*Brief:* Could you please retype all of the records exactly, skipping any pictures?
Segment Start: Data supplied
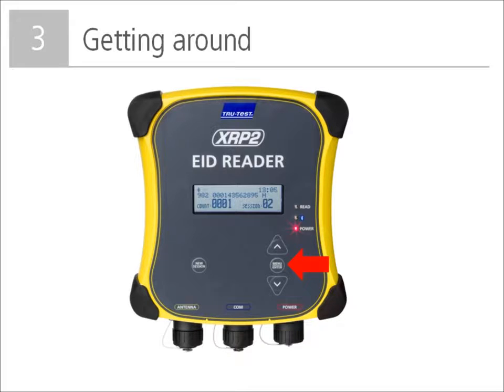At the bottom right are three buttons. The menu button is used to access the panel reader settings. There are three lights on the reader: the red power light illuminates to show the status of the power supply; the blue Bluetooth light illuminates to show that a Bluetooth wireless connection has been established; and the green read light flashes once when an EID tag has been read successfully.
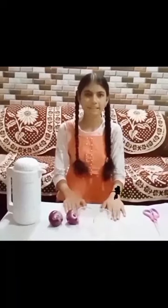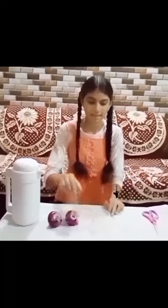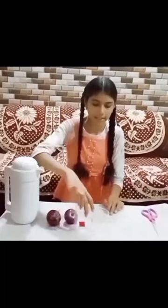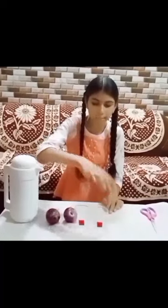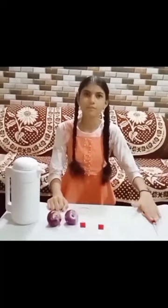For performing the activity we need two glass tumblers named as tumbler A and tumbler B. We also need two onions, as we study the tips of the onion, and we also need a pair of scissors.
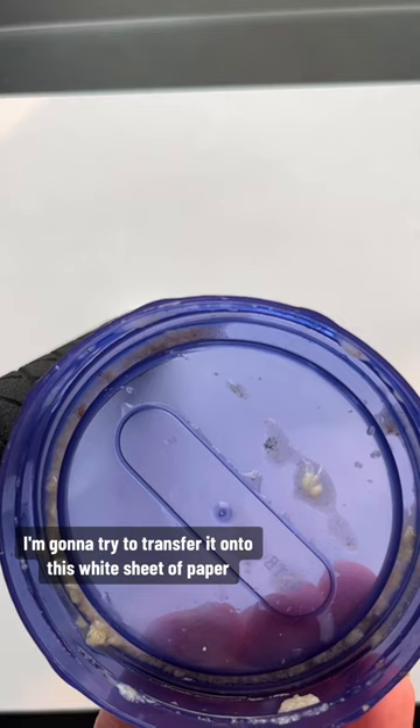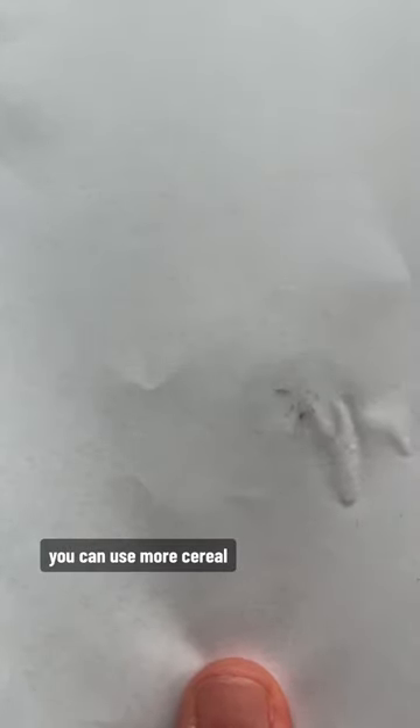I'm going to try to transfer it onto this white sheet of paper so you can see it better. I only used about a fourth cup of cereal, so if you want to get more, you can use more cereal. You can see I have the magnet underneath it — this is the iron powder. See, if I move the magnet over here, all the way up here. Try it at home with different foods, different cereals with different amounts, and you can play around and see how much you can get out of it.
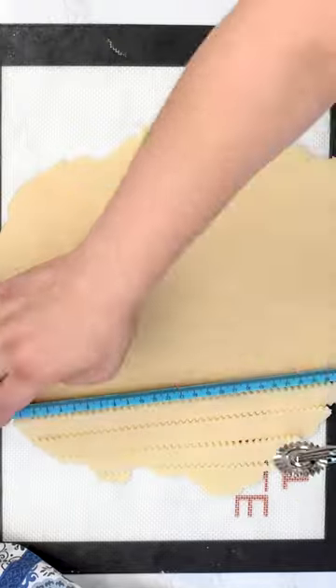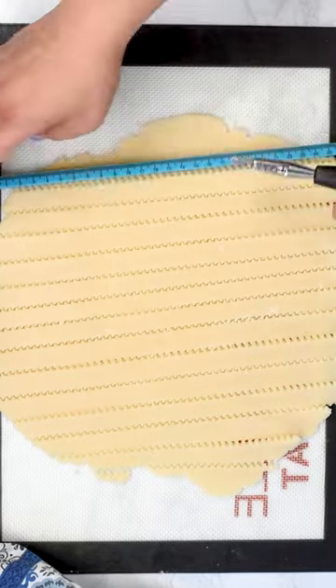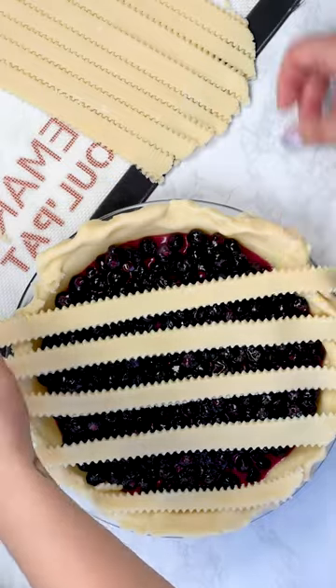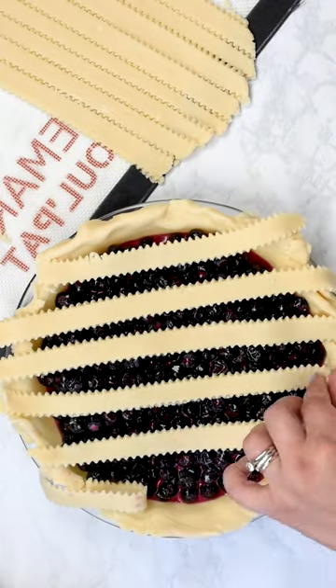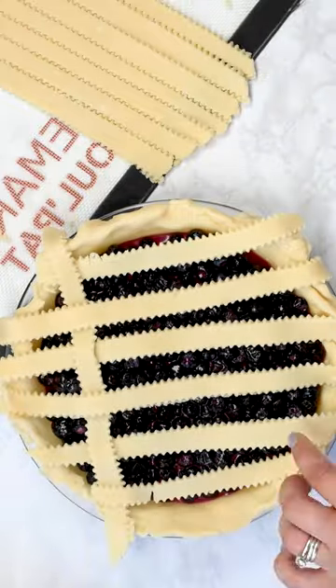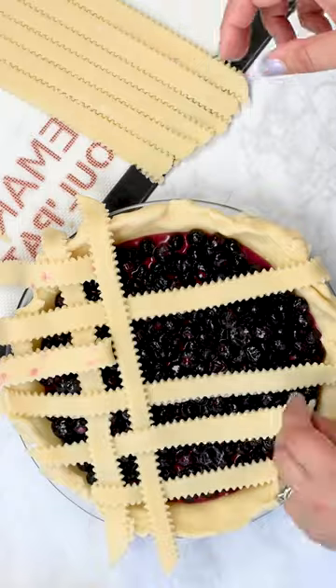Once your crust is rolled out, you're going to cut one inch slits — I'm using a pastry wheel for that and a ruler. Then place every other one on your pie, leaving space in between, fold back every other one and put one the opposite way — so perpendicular — fold it back and then do the opposite.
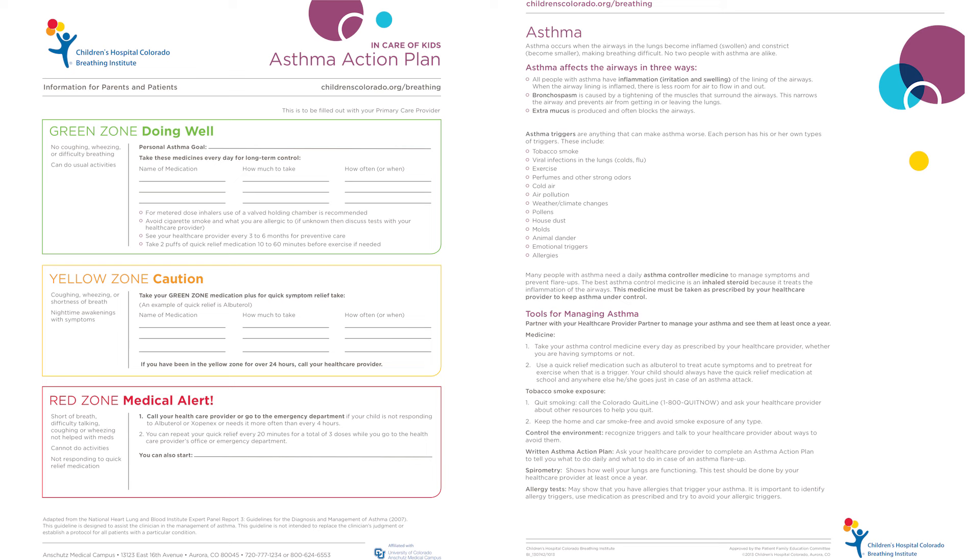Your asthma action plan will use your peak flow numbers and give instructions on how to treat your asthma based on your symptoms and peak flows.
Segment End: Data supplied
*Expected output:*
At the bottom right are three buttons. The menu button is used to access the panel reader settings. There are three lights on the reader: the red power light illuminates to show the status of the power supply; the blue Bluetooth light illuminates to show that a Bluetooth wireless connection has been established; and the green read light flashes once when an EID tag has been read successfully.
For performing the activity we need two glass tumblers named as tumbler A and tumbler B. We also need two onions, as we study the tips of the onion, and we also need a pair of scissors.
I'm going to try to transfer it onto this white sheet of paper so you can see it better. I only used about a fourth cup of cereal, so if you want to get more, you can use more cereal. You can see I have the magnet underneath it — this is the iron powder. See, if I move the magnet over here, all the way up here. Try it at home with different foods, different cereals with different amounts, and you can play around and see how much you can get out of it.
Once your crust is rolled out, you're going to cut one inch slits — I'm using a pastry wheel for that and a ruler. Then place every other one on your pie, leaving space in between, fold back every other one and put one the opposite way — so perpendicular — fold it back and then do the opposite.
Your asthma action plan will use your peak flow numbers and give instructions on how to treat your asthma based on your symptoms and peak flows.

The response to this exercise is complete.